Stahl appears to fall on his face with this. Neither belief is based on conspiracy., nor are they the same type of skepticism. The autism/vaccine link is the acceptance of a hypothesis based on poorly designed experiment (which reduces to a lack of evidence) while AGW criticism is a refusal to accept a hypothesis based on lack of evidence. Neither are conspiracy theories.
If the authors aren’t able to differentiate, and classify both as a belief in conspiracies, it’s unlikely they’re capable of designing a useful survey.
Good point. The authors of the article are sloppy thinkers.
The unfounded belief here is that CO2 has anything more than a minor role in the determination of Earth’s climate.
“From linking vaccines with autism to climate change skepticism, these widespread conspiracy theories and other unfounded beliefs can lead to harmful behavior, according to Ståhl.”
I h ave read three stories on WUWT today and this being the third one, I notice that all three seem to point towards support of CAGW rather than skepticism of such.
Outgassing from continental drift claims CO2 drives the temperature.
We have the Global Warming Physical Process Backwards also argues that CO2 drives the temperature.
Should I even bother to read anthropomorphism? Or is it too going to argue that what is not proven is right or I am not rational?
3 Stories?
Once upon a time there was this gas called Carbon Dioxide….
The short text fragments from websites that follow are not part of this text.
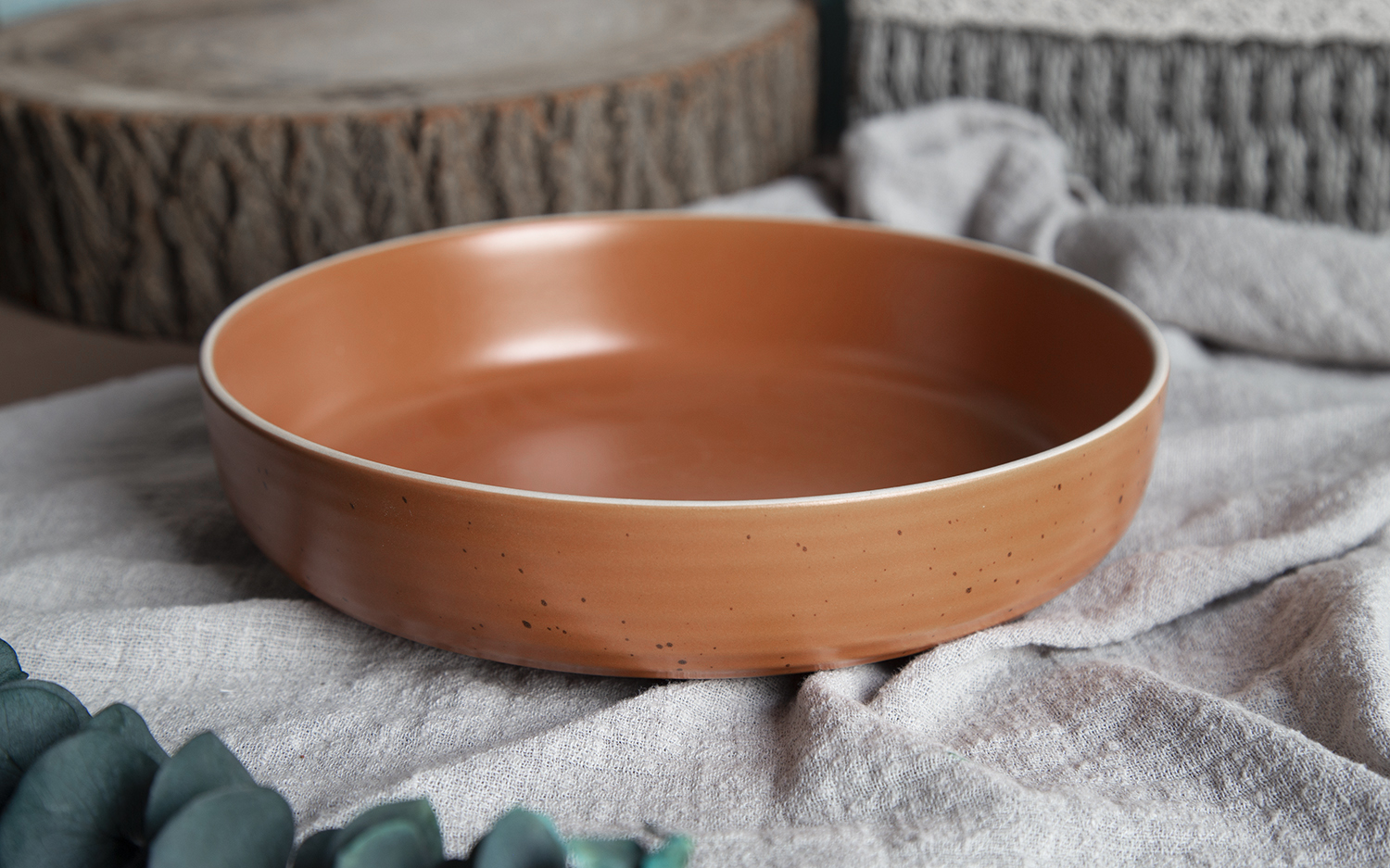 CHANGSHA HAPPY GO Earth & Ivory Speckled Relief |Dopamine Series Ceramics|happygodinnerware.com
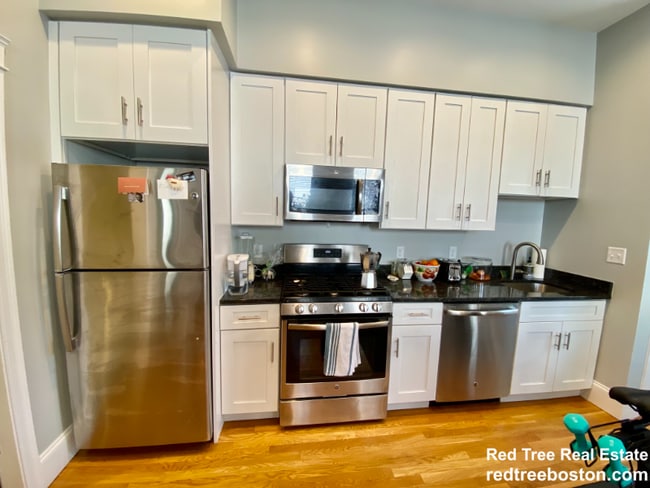 Building Photo - 405 S Huntington Ave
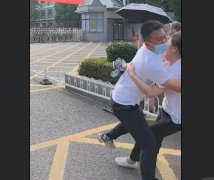 考生冲出考场太激动 把妈妈都抱倒了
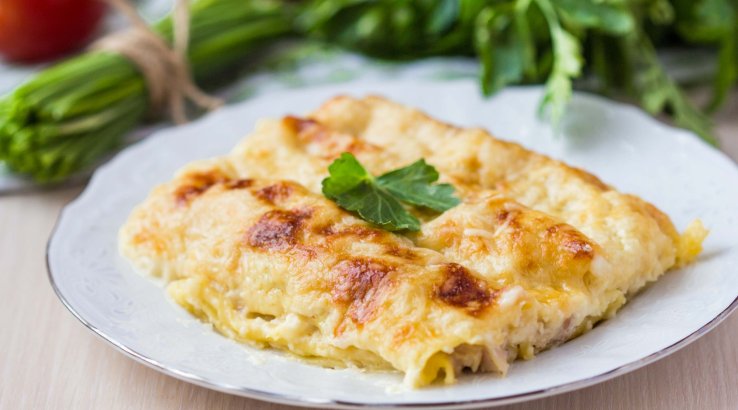 Паста з начинкою під сиром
I do not believe they are realistic. Thus, stories. As opposed to informative articles worthy of wasting people’s time on.
So called “conspiracy theories” are some of the most interesting things to look a with an open scientific mind. You can of course find plenty of them all over the internet ranging from the old classics, but still going strong (e.g. moon) to the more recent (e.g. no bullet holes in Texas church) . I won’t mention any more by name, you probably know most of the classics anyway and you can pick and choose to suit your own tastes.
Try treating them all EXACTLY the same as any open scientific investigation. Have an open mind. Ignore how offbeat or kooky it seems. Just apply science and rigorous enquiry.
Rigorous enquiry often leads you down a useful path when those asked pertinent questions fail to answer the question but instead suggest you are stupid/offensive for asking it. You will have seen this behaviour before in other aspects of your life. Draw on the experience. It’s probably relevant.
Careful thinking about the expected physical reality of a situation compared with photographic or video evidence may throw light on “anomalies”. What possible explanations can there be? Be aware that all evidence can change over time so keep your own copies of stuff found on your own storage media. Many instances of tweaking of photos take place slowly bit by bit in certain areas.
Experiment or thought experiment can be useful to eliminate certain possibilities. I personally give a very heavy weight to actual experiment and have debunked debunkers quite easily sometimes with a home set up of a lamp, a ruler and a camera (argument over shadows for example).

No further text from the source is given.